The latter reference was a dig at President Emmanuel Macron’s Republic on the Move party, formed by the 41-year-old French leader in 2016.

“We have never stopped extending a hand to France,” Di Maio said at a campaign event later Friday in Roccaraso, Italy.

“But if extending a hand means not being able to talk with any political force besides Republic on the Move, then I think this is a mistake.”

Di Maio’s meeting outside Paris with so-called “yellow vest” anti-government protesters – candidates for upcoming European parliamentary elections – was the latest in a string of slights in a row between Italy’s populist leaders and Macron’s centrist government.

The surprise trip drew a sharp rebuke from Paris, which yesterday recalled its ambassador to Rome – a move not seen between the two neighbours since the war, when Italy invaded.

“He will return to Italy. We’re not suspending diplomatic relations with Italy,” a senior French diplomat told AFP Friday.

But he warned “there could still be difficult moments ahead in the French-Italian relationship.”

‘Playtime is over’

The escalating war of words began last year after Di Maio’s Five Star Movement and Matteo Salvini’s far-right League won elections and formed a populist and eurosceptic government with them as deputy prime ministers.

When Italy prevented charity rescue boats with migrants on board from docking at its ports, Macron blasted the government’s “cynicism and irresponsibility” and compared the rise of far-right nationalism in Europe to leprosy.

With the European Parliament vote looming in May, the Italian leaders have mounted a series of increasingly personal attacks on Macron, with Salvini denouncing him as a “terrible president”.

They have encouraged the “yellow vest” protests, which emerged in November over fuel taxes before ballooning into a widespread and often violent revolt against Macron and his reformist agenda.

Yellow Vests Join Union March - Paris Yellow vest protestors in Paris Pierrot Patrice / Avenir Pictures/ABACA Pierrot Patrice / Avenir Pictures/ABACA / Avenir Pictures/ABACA

France’s Europe affairs minister, Nathalie Loiseau, said the decision to recall France’s envoy was meant to signal that “playtime is over”.

Di Maio did seek to play down the spat in his letter, saying “the political and strategic differences between the French and Italian governments should not impact the history of friendly relations that unites our peoples and our nations”.

Salvini, also Italy’s interior minister, said today he had invited his French counterpart Christophe Castaner to Rome for talks.

He had sent Castaner a letter stating that: “our countries have always had strong bilateral relations, particularly on security, terrorism, and immigration.”

But in an unguarded moment, Salvini raised Castaner’s ire, by stating on the margins of a campaign meeting today that: “I am going to summon him (Castaner) because I want to resolve the situation.
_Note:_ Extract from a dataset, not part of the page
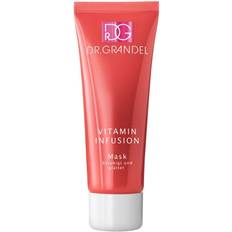 Dr grandel Dr. Grandel Vitamin Infusion Mask 75ml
I do not let myself be had.”

In response, the French minister told BFM television: “I do not let myself be summoned,” adding that “dialogue between us is constant, it must be respectful.”

‘The Alps are higher’

Italian newspapers today described the crisis as the most serious since the declaration of war between the two countries in 1940.
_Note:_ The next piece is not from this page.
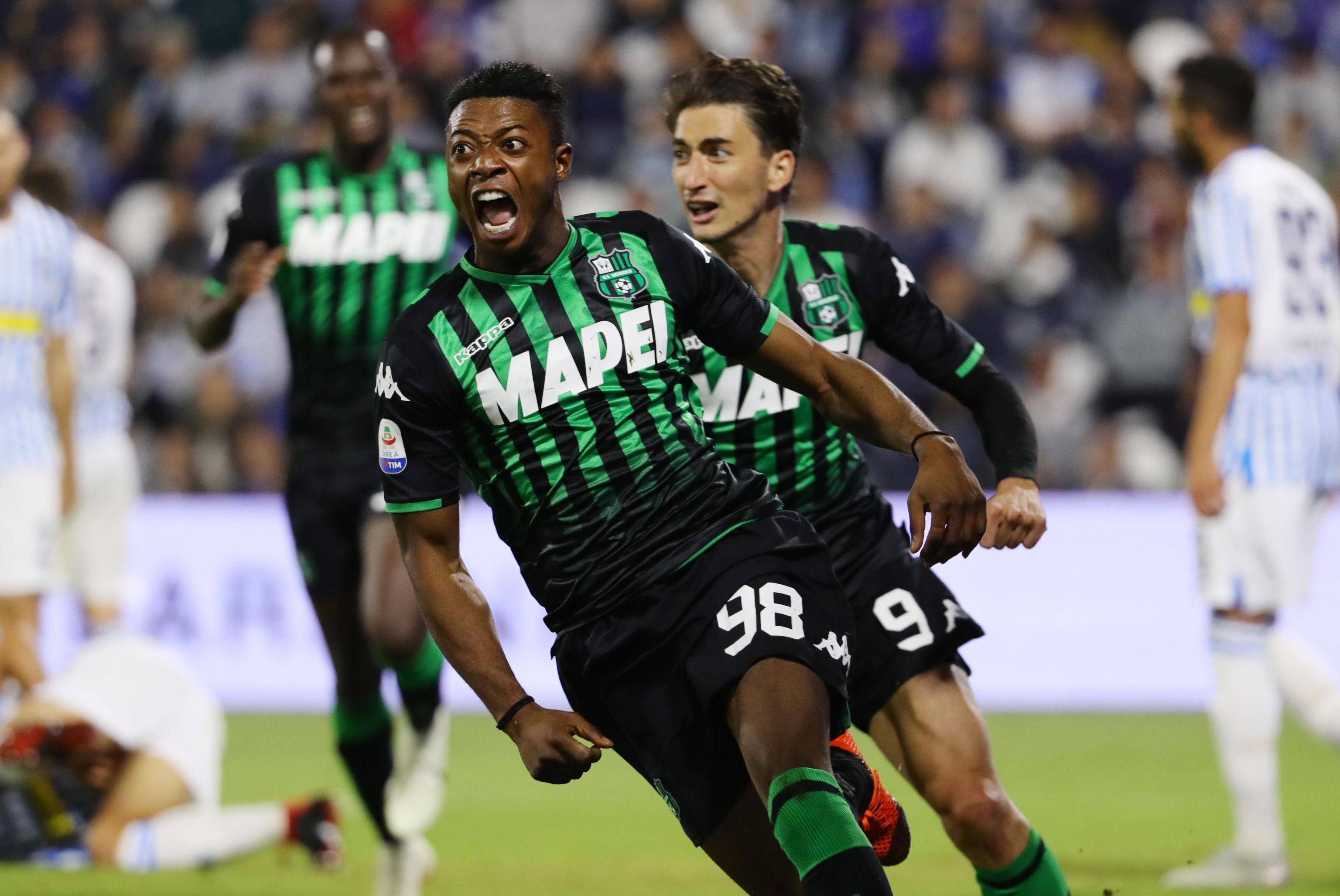 星空体育官网入口-意甲强队受挫,佛罗伦萨客场输球了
“From today, the Alps are higher,” wrote Lucio Caracciolo, director of the Limes geopolitical review, said in La Repubblica newspaper.
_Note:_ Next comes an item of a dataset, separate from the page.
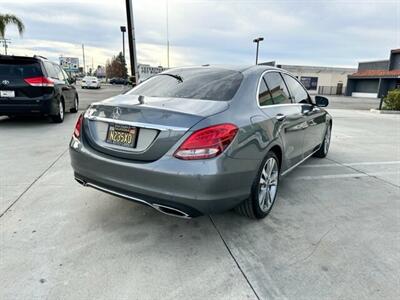 2018 Mercedes-Benz C 300   - Photo 45 - San Jacinto, CA 92583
“The recall for consultations of the French ambassador to Rome, Christian Masset, is a sign of an unprecedented crisis in Italian-French relations.”

For La Stampa newspaper, the tensions “could in some ways be expected given how insistent the M5S (Five Star Movement) has been in its approach to the yellow vests”.

But one columnist in Corriere della Sera wrote: “Italy has a lot to lose over this confrontation, by adopting a policy of proud isolation at a time when relations between Paris and Berlin are ever tighter.”